By their very nature, the allegations shift the emphasis of investigation onto the accused, the target parent.  Several of the accusations are of very private behavior, in the home only, which behaviors are difficult to prove and/or disprove. 

Most domestic violence remains invisible despite the increase in awareness of the problem.  Under New Hampshire procedures outlined in NH RSA 173-B, a complaint of domestic violence taken to court together with a request for exclusive custody can give the complainant a considerable advantage in the legal system. 

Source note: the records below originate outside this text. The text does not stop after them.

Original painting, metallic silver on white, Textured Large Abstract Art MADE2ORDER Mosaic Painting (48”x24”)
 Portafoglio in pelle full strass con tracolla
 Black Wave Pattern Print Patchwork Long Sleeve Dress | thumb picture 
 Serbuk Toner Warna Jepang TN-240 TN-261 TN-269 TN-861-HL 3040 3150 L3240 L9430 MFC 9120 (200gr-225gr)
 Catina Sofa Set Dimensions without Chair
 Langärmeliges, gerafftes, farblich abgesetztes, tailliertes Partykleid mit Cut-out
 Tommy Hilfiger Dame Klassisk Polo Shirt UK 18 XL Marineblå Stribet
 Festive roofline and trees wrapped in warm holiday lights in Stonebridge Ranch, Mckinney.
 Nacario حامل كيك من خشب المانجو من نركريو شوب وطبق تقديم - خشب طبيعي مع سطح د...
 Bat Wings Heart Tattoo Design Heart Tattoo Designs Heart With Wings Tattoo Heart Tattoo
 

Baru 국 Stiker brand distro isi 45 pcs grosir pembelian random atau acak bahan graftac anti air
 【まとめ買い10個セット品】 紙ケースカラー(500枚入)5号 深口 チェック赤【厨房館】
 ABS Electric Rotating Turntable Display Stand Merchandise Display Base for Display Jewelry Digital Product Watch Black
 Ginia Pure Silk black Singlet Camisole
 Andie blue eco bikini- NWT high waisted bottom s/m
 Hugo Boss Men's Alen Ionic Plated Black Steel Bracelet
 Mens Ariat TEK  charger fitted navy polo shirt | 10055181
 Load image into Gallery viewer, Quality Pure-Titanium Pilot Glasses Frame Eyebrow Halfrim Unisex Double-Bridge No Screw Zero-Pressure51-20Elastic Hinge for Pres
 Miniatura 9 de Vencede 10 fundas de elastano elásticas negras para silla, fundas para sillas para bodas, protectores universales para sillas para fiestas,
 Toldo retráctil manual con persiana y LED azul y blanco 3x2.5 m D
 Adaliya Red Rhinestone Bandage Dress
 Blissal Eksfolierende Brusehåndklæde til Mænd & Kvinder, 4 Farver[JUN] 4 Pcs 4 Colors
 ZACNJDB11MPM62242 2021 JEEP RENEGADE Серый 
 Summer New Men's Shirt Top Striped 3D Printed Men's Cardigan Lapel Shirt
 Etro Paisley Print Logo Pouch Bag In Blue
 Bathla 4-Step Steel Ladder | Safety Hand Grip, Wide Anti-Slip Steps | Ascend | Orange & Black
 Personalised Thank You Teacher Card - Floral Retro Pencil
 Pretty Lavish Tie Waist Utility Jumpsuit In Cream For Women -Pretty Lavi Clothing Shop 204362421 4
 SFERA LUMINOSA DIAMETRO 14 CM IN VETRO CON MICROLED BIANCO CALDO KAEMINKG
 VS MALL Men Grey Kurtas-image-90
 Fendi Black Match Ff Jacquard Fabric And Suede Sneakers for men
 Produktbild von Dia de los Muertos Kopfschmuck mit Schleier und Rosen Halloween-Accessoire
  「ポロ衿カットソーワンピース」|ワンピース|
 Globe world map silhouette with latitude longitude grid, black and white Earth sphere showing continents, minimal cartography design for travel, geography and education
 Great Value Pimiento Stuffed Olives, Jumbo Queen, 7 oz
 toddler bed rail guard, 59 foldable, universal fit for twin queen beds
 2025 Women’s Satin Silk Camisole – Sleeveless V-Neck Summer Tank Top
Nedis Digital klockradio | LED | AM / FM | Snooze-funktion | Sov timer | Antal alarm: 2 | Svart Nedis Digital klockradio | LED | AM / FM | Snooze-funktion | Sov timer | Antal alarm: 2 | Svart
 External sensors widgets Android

Custody can be gained in an ex-parte proceeding.  A sworn claim of violence or the threat of violence is all that is needed.  Extrinsic proof of danger or harm is rarely requested, and Judges make no inquiry whatsoever into the nature of prevailing custodial arrangements.  In most cases, the procedures are appropriate and the protection given critical to the life and safety of domestic violence victims and their children.  In rare cases, the procedures afforded to domestic violence victims are manipulated to gain advantage in custody cases without being grounded in real fear of physical violence. 

Attorneys are bound by their own ethical rules not to knowingly mislead a tribunal. [24] It is highly questionable practice to refer clients who have not suffered domestic violence or the serious threat of it to court for the quick relief afforded such victims under NH RSA 173-B, although the New Hampshire District Court Judges report an increasing number of such custody cases.[25]  Advising a client to gain a tactical advantage by using the emergency procedures afforded under NH RSA 173-B may violate the Code of Professional Conduct even if the attorney is not involved in the presentation of the case to the court. 

Allegations of abuse of a child (physical and/or sexual) may be fabricated but may also be absolutely accurate; in all instances, but especially in the context of a custody battle, such allegations need to be dealt with immediately by a competent professional who fully understands: (1) sexual and/or physical abuse of children; (2) family systems; (3) divorce and custody litigation and the impact of lawyers and the legal system. 

Sexuality triggers intense feelings in all listeners, and fear and panic may, at times, obscure reason.  Some litigants have learned to use to their advantage the irrationality that can attend allegations of sexual abuse.  We caution all involved: get professional intervention immediately with a coordinated, systemic evaluation of both the allegations of sexual abuse and the family system that has produced the allegation. 

Allegations of physical abuse are not used often in the context of custody litigation, perhaps because physical abuse is usually easier to detect than sexual abuse, making it easier to prove or disprove.  When the allegations are made and sufficiently established to cause concern in the Superior Court, the court or the parties involved must refer the case to the Division for Children and Youth Services under NH RSA 169-C. 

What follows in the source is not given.